Dataset:
<<<<
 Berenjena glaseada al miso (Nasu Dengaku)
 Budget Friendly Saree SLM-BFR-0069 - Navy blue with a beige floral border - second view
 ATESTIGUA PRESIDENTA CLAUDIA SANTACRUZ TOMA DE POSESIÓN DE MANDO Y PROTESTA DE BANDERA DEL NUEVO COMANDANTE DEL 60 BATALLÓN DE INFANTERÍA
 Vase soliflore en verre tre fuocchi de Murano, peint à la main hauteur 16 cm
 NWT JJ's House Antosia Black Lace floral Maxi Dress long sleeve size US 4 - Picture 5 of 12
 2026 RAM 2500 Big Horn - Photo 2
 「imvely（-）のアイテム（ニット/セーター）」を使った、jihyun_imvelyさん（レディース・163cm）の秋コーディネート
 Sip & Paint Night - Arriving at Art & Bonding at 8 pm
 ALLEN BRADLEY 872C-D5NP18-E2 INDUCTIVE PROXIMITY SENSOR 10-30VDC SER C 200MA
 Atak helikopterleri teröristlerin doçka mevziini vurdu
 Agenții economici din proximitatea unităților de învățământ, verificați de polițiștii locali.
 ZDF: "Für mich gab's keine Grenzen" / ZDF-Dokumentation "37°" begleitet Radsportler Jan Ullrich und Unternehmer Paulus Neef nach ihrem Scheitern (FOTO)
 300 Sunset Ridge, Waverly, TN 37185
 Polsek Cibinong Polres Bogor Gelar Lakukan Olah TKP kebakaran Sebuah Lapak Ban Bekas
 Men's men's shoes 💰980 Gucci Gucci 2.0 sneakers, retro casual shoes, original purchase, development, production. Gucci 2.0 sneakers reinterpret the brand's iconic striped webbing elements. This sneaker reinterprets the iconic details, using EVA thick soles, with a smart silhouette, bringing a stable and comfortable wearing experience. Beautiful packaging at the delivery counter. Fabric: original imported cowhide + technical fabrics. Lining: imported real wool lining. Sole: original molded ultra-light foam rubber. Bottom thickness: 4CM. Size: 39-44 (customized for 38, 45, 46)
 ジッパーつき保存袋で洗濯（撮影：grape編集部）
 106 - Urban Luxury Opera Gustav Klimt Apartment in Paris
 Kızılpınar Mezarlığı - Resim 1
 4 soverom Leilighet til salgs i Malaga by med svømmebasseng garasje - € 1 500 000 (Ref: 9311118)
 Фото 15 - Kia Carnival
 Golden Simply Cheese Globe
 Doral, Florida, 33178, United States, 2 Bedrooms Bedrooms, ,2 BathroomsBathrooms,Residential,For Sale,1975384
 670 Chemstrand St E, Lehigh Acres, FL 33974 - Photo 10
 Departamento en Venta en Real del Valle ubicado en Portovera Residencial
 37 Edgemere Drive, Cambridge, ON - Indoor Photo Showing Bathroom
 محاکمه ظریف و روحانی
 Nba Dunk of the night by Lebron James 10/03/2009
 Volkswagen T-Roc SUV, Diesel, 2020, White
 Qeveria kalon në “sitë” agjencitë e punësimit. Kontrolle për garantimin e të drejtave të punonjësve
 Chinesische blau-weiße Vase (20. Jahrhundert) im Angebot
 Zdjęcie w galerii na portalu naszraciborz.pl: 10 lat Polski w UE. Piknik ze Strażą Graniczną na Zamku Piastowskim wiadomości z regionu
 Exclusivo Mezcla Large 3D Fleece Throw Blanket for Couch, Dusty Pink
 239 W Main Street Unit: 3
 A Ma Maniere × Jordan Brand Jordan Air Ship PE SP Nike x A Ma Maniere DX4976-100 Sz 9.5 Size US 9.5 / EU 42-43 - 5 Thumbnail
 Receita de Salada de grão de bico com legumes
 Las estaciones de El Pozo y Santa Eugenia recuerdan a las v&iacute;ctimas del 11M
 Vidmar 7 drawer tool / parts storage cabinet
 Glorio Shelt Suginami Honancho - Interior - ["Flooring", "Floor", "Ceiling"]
>>>>
Say how many lines in this material hold "Vase", and say nothing else.

2